The scriptwriters make New Reggie's selfishness towards his wife more of an issue than it was with Old Reggie.  Even at the height of Grot's success, New Reggie is shown to be unhappy and neglectful of his marriage.  Nicola begins an affair with a neighbour, which leads to a very public slanging match between her and Reggie, in which Reggie comes off worst.  The series ends with Reggie confronted with a choice between reconciling with his wife and running away again.  We never find out what he decides.  The main point is that he even regards it as a dilemma.

Certain themes are echoed from the original series.  Like his older predecessor, New Reggie is afflicted by a sense of alienation from nature.  Old Reggie disliked consumer capitalism, but the effects of post-1970s globalisation give New Reggie a target which Old Reggie never had: "When the last Polynesian island opens its branch of Starbucks, I for one will vomit onto my globally available Ikea coffee table."

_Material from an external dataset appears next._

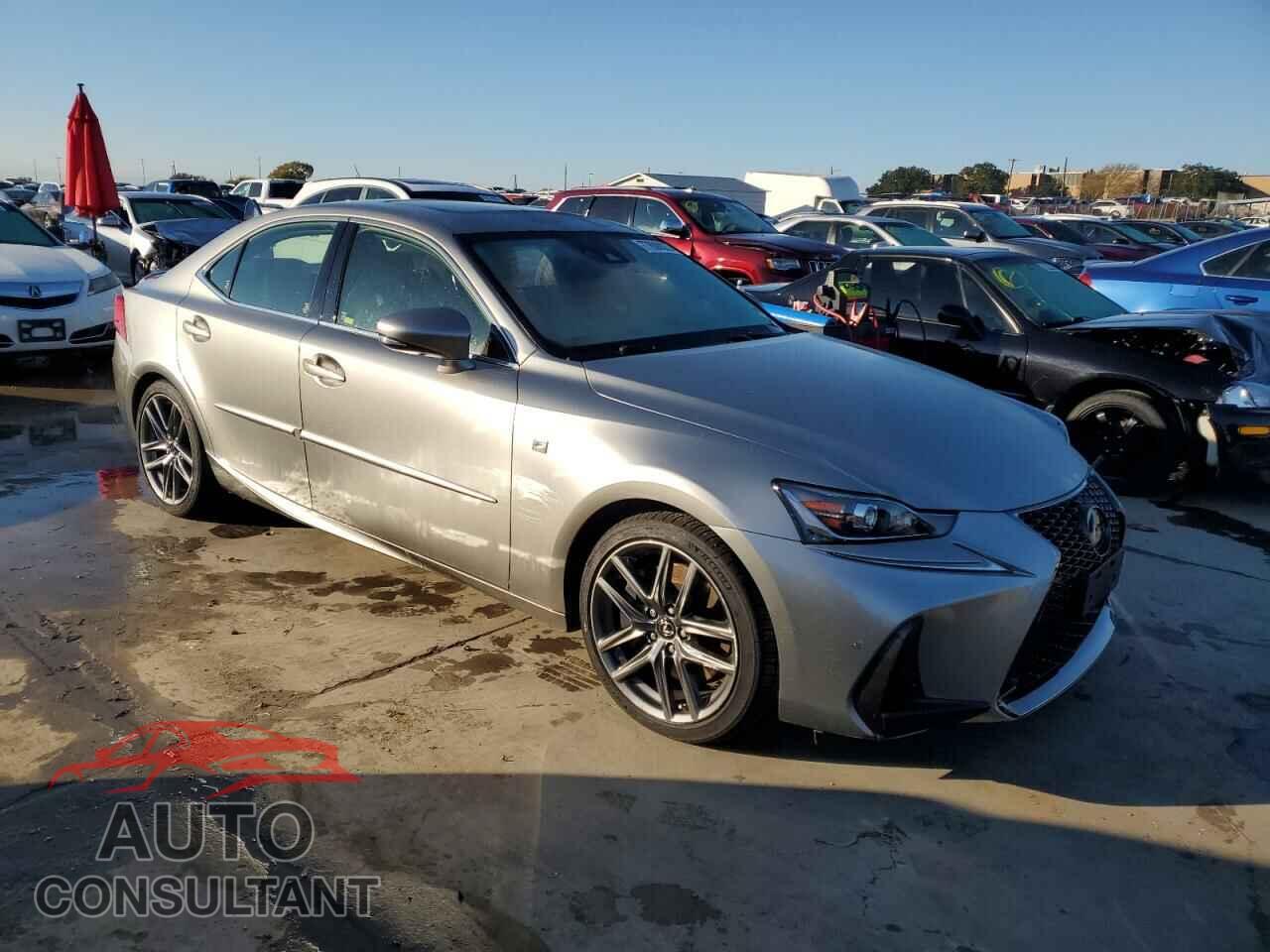 LEXUS IS 2018 - JTHBZ1D28J5032519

The most obvious difference between Old Reggie and New Reggie lies in the difference in the approaches taken to the character by Rossiter and Clunes.  Clunes delivers lines from the script about anger and hatred, but he mostly just comes across as fed up.  Where Rossiter's Old Reggie was manic and desperate, New Reggie is cynical and tired.  This makes for a more satisfying and realistic portrayal of the character, although it does undermine the central irony of the original series, which was that of a man driven ruthlessly to the edge of literal madness by the sheer force of normality.

I'm not sure how much sense Reggie Perrin would make to someone unfamiliar with the original series, although the co-writer, Simon Nye, is capable of writing which is funnier than David Nobbs' original 70s scripts.  Overall, the series is well-crafted, if imperfect.  There is a certain fascination in seeing how Reggie's world has been brought into the 21st century.